As the Board Chair at National Philanthropic Trust and a member of the AAPI community, I am in a unique position to listen, engage and amplify. It is in that spirit that I highlight the launch of The Asian American Foundation (TAAF), a new initiative announced on May 3 dedicated to serving the AAPI community “in their pursuit of belonging and prosperity that is free from discrimination, slander and violence.” TAAF will dedicate initial resources in anti-hate programs, education, data and research.
…recent headlines are but one part of a larger, disgraceful fact: one in four Asian Americans have reported being the victim of a hate crime or incident in their lifetimes.
Awareness and momentum are growing, but there is still much work to do. All too often the myth of Asian Americans as a “model minority” is used to ignore harsh realities. There has been an important increase in attention to the steep rise in violence against Asian Americans since the start of the COVID-19 pandemic. These recent headlines are but one part of a larger, disgraceful fact: one in four Asian Americans have reported being the victim of a hate crime or incident in their lifetimes.
This is a crisis, and we need to address the unacceptable violence alongside other issues affecting Asians like poverty, lack of opportunity, and unequal access to education, political representation, workplace equity and capital for new businesses. Once we move beyond this current crisis, it is imperative that we redouble our efforts to support at-risk communities and create a safer, more equitable and free future for the next generation of Asian Americans.
The AAPI community in the U.S. is 23 million strong, and the fastest growing demographic group in America. To borrow a phrase from TAAF’s announcement: “our story is America’s Story,” yet Asian Americans still consistently face unacceptable bigotry and violence. In my March letter, I called on leaders to combat racism and intolerance whenever they encountered it. I’m celebrating the work that’s being done, and renewing that call today.
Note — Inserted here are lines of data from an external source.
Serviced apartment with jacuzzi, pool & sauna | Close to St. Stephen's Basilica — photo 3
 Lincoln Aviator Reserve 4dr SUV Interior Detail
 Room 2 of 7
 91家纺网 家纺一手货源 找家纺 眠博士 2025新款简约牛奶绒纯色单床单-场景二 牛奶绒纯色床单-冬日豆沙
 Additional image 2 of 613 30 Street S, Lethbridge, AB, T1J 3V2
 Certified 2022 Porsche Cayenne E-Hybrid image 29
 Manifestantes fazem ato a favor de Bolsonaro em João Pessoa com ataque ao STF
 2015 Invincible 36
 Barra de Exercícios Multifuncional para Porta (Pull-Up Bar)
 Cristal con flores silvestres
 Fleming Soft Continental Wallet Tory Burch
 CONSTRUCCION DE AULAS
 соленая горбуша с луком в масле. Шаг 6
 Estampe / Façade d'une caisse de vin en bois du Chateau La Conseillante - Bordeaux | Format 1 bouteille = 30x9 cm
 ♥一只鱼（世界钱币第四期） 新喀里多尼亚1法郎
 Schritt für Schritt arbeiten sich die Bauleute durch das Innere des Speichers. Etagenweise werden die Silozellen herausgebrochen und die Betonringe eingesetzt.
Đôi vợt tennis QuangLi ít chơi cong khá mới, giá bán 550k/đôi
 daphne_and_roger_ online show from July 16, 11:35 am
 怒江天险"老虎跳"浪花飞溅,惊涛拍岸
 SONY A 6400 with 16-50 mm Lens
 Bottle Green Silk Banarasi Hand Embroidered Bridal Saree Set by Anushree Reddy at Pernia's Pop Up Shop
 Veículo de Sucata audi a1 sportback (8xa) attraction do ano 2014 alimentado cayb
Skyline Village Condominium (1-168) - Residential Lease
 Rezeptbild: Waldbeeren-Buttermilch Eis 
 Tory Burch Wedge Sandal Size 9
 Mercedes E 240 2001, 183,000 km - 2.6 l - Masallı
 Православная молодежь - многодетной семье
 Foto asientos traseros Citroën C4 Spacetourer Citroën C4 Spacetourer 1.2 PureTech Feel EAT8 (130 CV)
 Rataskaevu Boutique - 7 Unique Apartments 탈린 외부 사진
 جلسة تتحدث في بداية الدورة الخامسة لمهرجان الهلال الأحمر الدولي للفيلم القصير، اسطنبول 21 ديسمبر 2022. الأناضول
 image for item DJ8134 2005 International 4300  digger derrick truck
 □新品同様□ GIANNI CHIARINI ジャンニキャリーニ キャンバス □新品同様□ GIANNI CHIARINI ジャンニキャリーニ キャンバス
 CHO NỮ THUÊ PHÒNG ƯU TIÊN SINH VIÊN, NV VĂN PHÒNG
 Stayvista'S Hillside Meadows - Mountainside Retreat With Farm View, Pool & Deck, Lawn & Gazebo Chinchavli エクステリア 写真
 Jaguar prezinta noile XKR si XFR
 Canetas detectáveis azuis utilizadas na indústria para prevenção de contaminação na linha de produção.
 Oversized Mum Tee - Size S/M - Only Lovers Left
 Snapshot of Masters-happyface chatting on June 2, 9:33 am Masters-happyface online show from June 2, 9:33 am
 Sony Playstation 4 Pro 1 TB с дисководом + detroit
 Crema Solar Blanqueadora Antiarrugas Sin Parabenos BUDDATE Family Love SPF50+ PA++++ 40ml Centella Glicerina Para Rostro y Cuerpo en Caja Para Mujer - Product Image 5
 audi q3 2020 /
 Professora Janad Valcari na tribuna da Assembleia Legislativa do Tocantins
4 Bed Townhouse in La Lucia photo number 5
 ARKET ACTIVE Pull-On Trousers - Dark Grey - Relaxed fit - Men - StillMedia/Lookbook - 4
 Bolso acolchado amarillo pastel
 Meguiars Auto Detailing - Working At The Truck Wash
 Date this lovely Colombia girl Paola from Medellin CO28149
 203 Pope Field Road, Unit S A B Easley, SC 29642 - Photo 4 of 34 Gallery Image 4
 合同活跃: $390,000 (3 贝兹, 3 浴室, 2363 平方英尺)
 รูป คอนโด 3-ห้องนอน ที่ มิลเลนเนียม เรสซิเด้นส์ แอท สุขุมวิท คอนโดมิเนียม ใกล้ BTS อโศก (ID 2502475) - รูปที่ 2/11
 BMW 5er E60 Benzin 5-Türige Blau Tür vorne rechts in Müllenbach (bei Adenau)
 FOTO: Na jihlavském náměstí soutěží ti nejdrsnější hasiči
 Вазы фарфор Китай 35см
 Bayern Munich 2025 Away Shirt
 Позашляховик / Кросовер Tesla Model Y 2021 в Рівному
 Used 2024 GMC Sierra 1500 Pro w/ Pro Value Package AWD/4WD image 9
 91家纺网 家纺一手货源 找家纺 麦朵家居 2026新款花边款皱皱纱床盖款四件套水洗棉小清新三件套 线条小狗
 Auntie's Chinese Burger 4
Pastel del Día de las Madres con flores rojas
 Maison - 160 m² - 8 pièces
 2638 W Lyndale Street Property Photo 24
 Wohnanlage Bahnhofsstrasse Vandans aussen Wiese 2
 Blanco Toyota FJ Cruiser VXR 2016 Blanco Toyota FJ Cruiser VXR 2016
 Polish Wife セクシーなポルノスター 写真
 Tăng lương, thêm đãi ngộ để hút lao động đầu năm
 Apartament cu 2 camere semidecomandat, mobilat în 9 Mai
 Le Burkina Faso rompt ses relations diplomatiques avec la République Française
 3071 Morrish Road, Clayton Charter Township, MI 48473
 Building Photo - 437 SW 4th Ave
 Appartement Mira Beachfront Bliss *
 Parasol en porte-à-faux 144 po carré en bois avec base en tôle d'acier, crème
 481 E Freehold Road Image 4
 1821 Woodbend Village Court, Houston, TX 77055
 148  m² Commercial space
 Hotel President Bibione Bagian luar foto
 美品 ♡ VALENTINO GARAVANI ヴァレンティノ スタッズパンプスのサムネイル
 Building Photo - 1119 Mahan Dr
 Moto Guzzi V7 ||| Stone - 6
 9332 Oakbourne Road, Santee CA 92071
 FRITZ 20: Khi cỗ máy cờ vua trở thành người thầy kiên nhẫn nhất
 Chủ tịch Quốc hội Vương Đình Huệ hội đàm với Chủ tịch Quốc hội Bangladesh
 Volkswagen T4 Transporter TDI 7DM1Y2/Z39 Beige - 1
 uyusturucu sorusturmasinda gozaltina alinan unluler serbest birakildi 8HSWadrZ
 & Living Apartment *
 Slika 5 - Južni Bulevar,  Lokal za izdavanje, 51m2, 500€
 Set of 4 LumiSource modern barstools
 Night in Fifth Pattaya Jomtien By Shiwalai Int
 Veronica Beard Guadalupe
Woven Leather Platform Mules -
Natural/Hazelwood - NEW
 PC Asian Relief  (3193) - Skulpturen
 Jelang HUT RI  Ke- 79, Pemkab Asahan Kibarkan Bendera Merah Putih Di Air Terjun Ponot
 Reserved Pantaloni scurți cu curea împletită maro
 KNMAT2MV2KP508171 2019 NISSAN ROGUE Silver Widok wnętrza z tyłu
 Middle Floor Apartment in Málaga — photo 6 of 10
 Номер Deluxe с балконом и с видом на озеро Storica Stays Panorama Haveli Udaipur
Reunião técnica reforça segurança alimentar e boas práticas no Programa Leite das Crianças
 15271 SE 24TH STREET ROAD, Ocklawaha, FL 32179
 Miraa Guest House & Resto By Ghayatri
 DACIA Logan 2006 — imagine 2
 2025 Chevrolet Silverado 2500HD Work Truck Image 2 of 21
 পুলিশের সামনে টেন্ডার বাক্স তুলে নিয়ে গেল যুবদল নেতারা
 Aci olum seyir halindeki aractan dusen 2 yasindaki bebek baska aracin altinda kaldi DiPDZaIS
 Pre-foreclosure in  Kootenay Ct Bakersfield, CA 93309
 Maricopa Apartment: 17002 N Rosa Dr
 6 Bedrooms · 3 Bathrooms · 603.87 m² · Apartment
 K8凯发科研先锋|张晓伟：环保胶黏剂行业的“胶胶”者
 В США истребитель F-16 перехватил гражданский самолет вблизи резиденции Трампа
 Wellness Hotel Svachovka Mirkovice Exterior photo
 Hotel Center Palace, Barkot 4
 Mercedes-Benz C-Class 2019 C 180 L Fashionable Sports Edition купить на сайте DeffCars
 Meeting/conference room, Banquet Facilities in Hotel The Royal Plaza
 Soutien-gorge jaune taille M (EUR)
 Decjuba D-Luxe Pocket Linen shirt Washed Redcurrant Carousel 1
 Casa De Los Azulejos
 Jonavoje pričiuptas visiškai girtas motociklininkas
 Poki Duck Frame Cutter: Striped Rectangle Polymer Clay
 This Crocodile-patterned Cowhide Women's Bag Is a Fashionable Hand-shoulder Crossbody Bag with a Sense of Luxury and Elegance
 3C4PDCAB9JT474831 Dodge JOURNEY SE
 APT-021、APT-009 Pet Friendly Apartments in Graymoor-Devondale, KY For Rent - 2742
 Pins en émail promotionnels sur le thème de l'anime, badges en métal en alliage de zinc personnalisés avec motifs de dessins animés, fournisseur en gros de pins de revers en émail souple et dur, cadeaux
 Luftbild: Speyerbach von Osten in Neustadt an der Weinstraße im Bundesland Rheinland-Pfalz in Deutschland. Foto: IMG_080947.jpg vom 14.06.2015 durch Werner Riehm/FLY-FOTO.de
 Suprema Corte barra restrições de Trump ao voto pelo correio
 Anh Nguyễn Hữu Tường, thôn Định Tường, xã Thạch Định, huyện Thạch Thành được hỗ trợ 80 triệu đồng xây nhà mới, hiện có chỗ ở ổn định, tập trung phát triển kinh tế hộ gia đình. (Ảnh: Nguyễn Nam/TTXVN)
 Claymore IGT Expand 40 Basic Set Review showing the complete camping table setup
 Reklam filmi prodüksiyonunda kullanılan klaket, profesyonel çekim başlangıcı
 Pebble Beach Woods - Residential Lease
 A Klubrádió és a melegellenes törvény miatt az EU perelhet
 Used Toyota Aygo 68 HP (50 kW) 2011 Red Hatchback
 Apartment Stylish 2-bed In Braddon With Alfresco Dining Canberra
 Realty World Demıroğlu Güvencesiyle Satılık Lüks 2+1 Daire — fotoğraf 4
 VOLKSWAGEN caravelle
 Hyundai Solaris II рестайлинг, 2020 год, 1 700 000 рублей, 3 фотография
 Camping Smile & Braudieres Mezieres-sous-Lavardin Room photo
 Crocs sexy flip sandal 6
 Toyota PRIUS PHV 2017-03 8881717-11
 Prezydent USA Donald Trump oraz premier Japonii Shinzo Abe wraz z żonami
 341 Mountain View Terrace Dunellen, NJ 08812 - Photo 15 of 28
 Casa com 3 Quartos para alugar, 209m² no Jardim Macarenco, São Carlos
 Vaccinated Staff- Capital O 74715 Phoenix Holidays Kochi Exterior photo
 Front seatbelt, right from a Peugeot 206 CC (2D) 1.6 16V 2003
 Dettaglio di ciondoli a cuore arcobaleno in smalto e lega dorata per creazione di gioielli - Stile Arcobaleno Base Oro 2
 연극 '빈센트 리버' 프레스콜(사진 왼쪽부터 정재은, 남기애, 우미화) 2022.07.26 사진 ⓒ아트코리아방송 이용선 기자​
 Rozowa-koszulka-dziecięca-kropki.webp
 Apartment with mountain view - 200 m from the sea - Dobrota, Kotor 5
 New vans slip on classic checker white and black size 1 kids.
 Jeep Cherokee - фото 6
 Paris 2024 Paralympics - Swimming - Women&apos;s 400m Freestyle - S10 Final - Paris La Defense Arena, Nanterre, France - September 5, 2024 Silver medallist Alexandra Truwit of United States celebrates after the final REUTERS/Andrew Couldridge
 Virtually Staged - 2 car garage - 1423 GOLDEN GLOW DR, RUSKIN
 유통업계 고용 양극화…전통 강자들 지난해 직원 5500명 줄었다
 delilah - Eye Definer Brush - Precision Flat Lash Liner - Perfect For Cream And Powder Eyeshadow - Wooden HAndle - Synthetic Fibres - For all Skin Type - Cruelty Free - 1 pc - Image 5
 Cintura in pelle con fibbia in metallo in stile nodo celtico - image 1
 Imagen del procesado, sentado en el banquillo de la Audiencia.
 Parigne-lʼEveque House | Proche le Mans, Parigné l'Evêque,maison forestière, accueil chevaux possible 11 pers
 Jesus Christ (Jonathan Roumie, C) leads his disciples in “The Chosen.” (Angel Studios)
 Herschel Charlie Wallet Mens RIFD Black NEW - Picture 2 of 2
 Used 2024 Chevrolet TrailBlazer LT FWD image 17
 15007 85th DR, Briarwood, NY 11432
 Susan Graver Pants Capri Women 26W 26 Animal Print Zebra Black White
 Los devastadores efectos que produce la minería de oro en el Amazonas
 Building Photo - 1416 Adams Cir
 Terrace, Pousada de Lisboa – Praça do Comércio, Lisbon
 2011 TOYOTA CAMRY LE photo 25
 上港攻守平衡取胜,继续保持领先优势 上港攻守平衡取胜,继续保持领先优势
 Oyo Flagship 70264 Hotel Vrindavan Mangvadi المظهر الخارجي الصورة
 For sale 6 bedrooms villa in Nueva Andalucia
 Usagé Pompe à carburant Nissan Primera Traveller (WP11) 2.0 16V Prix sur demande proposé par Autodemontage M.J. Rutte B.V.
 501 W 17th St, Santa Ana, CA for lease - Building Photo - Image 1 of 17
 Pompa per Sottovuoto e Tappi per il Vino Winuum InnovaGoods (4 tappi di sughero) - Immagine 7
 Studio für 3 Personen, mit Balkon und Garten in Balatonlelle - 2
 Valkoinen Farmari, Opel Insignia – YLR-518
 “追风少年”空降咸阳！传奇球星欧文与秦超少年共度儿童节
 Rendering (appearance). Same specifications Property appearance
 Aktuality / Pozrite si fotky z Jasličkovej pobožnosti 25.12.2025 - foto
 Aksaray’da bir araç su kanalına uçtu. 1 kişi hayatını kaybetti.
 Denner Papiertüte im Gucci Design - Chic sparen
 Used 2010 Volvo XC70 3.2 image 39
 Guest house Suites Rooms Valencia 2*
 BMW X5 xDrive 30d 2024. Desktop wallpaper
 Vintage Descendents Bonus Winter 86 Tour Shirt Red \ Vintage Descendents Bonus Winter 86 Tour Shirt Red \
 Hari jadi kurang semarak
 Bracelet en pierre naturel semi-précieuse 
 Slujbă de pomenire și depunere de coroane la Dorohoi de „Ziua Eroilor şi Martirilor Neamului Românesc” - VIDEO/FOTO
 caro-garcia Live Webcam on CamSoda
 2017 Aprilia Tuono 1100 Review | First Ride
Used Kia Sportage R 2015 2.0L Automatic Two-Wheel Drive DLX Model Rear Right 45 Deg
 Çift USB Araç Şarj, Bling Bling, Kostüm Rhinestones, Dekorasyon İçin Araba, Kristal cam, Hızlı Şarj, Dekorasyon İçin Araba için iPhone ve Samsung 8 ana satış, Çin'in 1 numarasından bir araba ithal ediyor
My heritage is an indivisible part of who I am. I am the child of immigrants, and Korean was the first language I learned in my home. I am proud to serve on The Council of Korean Americans (CKA) and the Association of Asian American Investment Managers. In my personal and professional life, I am committed to standing up for what is right in our communities and advocating for greater equity in philanthropic distribution and across our democracy.
As we mark the beginning of Asian American and Pacific Islander Heritage Month, let’s take time to reflect on how we can best provide support to our friends and neighbors in the AAPI community. I strongly encourage donors to engage in unrestricted grantmaking supporting AAPI causes and communities wherever possible.
Suzanne Yoon is the Founder and Managing Partner of Kinzie Capital Partners, a Chicago-based private equity firm and the Chair of the Board of NPT’s Trustees. She serves on several other private company boards and civic boards such as The Council of Korean Americans (CKA) where she co-chairs the Finance Committee; Chicago Public Library Foundation; and HFS Chicago Scholars, an organization that serves economically disadvantaged Chicago inner-city high school students. Additionally, Yoon serves on the Steering Committees of the Private Equity Women Investor Network (PEWIN) and Women’s Association of Venture & Equity (WAVE.) She is also a member of the Association of Asian American Investment Managers and the Economic Club of Chicago.
NPT is not affiliated with any of the organizations described herein, and the inclusion of any organization in this material should not be considered an endorsement by NPT of such organization, or its services or products. NPT does not provide legal or tax advice. This blog post is for informational purposes only and is not intended to be, and shall not be relied upon as, legal or tax advice. The applicability of information contained here may vary depending on individual circumstances.